Appeal by decedent’s widow from judgment and order admitting to probate his will of July 24, 1950, denying her petition for letters of administration, dismissing her contest and appointing as executors testator’s brother, Jesse E. Harvey (Jesse, Sr.) and his nephew, Jesse M. Harvey (Jesse, Jr.).
Though numerous grounds of contest were alleged, no evidence of substantiality was introduced in support of any of them except the claim that the will was not executed by testator, not actually signed by him. The case was tried without a jury and the trial court found that the will was duly executed by the testator on the date it bears. Appellant’s counsel initially assert in their opening brief that the evidence conclusively establishes the contrary, but before the argument has proceeded far it degenerates into one of the
[370]
incidence of the preponderance of the evidence. Under the impact of respondents’ arguments the reply brief claims no more than a preponderance in favor of contestant.
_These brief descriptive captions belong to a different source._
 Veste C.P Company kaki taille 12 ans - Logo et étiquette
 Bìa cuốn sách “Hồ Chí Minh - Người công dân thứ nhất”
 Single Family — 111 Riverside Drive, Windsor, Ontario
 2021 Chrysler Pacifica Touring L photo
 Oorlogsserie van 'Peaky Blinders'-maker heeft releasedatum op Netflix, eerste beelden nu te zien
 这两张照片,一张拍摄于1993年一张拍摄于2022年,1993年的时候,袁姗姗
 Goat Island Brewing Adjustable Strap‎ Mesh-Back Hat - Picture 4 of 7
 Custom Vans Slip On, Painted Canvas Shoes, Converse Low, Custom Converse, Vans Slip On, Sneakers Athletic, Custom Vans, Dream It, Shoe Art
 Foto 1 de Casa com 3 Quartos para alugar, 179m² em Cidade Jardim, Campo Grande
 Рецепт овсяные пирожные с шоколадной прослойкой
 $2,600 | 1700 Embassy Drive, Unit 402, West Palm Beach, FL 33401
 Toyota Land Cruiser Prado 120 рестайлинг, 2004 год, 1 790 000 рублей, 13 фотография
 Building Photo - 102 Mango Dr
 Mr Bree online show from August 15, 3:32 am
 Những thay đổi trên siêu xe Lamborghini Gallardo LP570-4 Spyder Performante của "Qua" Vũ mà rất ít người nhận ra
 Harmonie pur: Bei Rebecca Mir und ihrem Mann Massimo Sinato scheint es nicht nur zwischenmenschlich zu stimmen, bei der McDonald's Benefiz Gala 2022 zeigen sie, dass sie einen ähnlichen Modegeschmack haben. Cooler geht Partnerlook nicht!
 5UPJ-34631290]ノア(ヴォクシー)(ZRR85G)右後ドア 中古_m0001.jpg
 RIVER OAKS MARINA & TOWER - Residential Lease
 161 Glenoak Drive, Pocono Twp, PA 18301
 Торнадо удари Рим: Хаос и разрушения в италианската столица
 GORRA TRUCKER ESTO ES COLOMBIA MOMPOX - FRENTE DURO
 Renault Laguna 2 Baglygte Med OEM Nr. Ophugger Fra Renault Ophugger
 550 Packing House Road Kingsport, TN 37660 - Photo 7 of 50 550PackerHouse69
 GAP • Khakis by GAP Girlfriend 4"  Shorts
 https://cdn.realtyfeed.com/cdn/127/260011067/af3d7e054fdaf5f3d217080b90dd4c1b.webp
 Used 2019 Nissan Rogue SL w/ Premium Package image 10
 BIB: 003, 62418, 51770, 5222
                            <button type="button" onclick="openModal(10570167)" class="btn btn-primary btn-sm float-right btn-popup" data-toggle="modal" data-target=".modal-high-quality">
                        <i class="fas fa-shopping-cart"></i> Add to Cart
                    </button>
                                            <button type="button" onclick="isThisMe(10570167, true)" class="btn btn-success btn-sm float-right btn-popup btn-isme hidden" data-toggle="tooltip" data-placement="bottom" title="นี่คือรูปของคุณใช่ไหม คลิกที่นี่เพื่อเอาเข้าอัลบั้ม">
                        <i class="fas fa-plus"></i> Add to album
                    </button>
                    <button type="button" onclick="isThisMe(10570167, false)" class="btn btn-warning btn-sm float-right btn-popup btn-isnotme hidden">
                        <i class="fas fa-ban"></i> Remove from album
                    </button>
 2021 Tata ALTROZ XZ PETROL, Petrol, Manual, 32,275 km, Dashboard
The appellate courts are required to reiterate from day to day, and with unremitting monotony, these fundamental principles of review: That the appellate court cannot weigh the evidence to determine where the preponderance lies; that its duty begins and ends with a determination of whether there is any substantial evidence, contradicted or uncontradicted, which supports the finding of fact; and that when two or more inferences reasonably can be deduced from the evidence the reviewing court cannot substitute its own inferences for those of the trial court. (See
Primm
v.
Primm,
46 Cal.2d 690, 693-694 [299 P.2d 231].) The evidence thus construed presents the following situation.
The will, executed on July 24,1950, left the family home and furnishings to the wife, provided for a family allowance for her during probate, and placed the remainder of the estate in a trust which endures for 10 years from testator’s death or until one of 'his two daughters becomes 25 years old. This latter event will occur about six years after testator’s death, which was on December 13, 1954. Income from the trust goes one-fourth to the wife, one-fourth to each of testator’s two daughters, and one-fourth to his sister, Ruby Foulks. In the event of the death of any beneficiary her share goes to the survivors. " Principal is to be distributed upon termination of the trust in the same manner as the income, namely, one-fourth to the wife and tó each of the other beneficiaries. The will also includes a distress clause in favor of the wife. The executors are Jesse, Sr. and Jesse, Jr., neither of whom takes anything under the will except reasonable compensation for his services.